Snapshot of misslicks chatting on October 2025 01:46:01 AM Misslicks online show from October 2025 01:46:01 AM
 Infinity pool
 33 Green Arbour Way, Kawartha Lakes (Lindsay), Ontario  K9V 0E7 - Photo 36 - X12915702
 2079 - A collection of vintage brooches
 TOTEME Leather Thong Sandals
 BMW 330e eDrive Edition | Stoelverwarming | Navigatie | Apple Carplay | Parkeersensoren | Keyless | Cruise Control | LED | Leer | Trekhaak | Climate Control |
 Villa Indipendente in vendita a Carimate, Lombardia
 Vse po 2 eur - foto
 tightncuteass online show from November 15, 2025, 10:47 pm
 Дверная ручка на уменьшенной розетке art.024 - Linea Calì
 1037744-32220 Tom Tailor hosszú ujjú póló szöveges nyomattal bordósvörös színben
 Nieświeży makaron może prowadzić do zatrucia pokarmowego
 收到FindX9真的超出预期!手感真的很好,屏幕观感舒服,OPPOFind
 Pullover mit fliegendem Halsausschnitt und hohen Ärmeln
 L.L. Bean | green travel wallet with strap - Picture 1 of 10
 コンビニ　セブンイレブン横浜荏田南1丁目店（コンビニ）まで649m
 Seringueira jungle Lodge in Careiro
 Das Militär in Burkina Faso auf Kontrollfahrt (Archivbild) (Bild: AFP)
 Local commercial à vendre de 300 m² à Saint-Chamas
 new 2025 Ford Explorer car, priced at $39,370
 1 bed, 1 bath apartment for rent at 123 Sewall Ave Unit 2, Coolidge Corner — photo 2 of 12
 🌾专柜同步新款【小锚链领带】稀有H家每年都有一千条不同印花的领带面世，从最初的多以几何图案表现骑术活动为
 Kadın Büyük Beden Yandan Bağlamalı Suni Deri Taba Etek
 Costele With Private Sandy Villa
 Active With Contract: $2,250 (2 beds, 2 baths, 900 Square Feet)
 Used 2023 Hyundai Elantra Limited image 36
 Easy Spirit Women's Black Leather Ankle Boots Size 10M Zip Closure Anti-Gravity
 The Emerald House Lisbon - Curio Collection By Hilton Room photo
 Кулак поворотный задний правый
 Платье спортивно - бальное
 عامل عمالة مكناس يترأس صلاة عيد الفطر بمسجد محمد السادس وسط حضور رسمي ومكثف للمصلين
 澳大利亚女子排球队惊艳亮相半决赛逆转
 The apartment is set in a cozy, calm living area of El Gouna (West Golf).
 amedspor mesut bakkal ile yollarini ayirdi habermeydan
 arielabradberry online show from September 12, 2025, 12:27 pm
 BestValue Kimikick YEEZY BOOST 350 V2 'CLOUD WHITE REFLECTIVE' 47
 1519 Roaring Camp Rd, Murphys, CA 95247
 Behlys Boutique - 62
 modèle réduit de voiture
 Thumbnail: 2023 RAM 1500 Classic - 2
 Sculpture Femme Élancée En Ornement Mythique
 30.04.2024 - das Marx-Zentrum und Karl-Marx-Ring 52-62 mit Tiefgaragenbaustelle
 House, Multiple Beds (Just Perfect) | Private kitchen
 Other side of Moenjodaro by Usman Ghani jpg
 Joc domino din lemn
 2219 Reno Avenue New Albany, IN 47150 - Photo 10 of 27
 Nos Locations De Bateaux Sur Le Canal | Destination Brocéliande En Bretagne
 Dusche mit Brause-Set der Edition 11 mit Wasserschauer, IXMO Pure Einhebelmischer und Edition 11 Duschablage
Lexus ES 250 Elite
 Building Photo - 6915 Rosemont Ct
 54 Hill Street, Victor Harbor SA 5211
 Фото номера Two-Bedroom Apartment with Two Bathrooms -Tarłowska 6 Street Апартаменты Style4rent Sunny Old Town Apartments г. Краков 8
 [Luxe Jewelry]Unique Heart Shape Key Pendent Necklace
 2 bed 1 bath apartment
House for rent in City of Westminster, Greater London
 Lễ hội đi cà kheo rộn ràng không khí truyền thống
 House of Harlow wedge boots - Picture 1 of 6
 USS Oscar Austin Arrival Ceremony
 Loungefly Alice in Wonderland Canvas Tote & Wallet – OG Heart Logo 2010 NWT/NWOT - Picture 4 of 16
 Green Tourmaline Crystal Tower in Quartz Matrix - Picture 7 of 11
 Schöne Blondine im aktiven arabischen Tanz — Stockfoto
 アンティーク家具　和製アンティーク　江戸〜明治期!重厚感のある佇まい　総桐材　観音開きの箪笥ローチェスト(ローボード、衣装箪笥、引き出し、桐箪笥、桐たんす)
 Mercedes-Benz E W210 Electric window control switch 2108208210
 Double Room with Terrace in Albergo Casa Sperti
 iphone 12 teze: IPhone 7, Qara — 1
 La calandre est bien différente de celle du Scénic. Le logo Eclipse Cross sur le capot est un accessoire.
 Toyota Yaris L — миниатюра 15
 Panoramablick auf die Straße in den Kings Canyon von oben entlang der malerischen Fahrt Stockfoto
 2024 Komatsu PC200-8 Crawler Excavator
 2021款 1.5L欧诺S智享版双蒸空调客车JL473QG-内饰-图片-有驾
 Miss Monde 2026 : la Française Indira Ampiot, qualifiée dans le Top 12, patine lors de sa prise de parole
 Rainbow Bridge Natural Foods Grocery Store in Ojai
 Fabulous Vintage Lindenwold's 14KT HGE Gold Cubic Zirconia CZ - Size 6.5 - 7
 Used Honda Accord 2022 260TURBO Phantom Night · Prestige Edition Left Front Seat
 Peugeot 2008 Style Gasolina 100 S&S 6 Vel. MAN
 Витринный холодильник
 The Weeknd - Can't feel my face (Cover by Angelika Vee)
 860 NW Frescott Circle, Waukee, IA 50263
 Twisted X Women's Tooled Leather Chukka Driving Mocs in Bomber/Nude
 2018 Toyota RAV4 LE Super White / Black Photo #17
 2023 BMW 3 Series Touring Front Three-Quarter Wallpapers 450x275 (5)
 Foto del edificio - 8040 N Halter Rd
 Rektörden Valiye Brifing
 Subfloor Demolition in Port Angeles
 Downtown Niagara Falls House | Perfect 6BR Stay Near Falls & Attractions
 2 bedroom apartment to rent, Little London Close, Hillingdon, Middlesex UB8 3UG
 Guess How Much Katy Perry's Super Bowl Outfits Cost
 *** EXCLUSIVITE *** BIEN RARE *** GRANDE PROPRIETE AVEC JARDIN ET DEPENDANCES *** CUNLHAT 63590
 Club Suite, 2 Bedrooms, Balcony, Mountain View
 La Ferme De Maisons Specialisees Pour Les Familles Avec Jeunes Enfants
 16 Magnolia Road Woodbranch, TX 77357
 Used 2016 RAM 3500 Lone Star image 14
----
* [Exercise] Out of the listing above, reproduce exactly the lines from the one with "Schöne Blondine im" up to and including the one with "2021款 1.5L欧诺S智享版双蒸空调客车JL473QG-内饰-图片-有驾".

* [Reply]
 Schöne Blondine im aktiven arabischen Tanz — Stockfoto
 アンティーク家具　和製アンティーク　江戸〜明治期!重厚感のある佇まい　総桐材　観音開きの箪笥ローチェスト(ローボード、衣装箪笥、引き出し、桐箪笥、桐たんす)
 Mercedes-Benz E W210 Electric window control switch 2108208210
 Double Room with Terrace in Albergo Casa Sperti
 iphone 12 teze: IPhone 7, Qara — 1
 La calandre est bien différente de celle du Scénic. Le logo Eclipse Cross sur le capot est un accessoire.
 Toyota Yaris L — миниатюра 15
 Panoramablick auf die Straße in den Kings Canyon von oben entlang der malerischen Fahrt Stockfoto
 2024 Komatsu PC200-8 Crawler Excavator
 2021款 1.5L欧诺S智享版双蒸空调客车JL473QG-内饰-图片-有驾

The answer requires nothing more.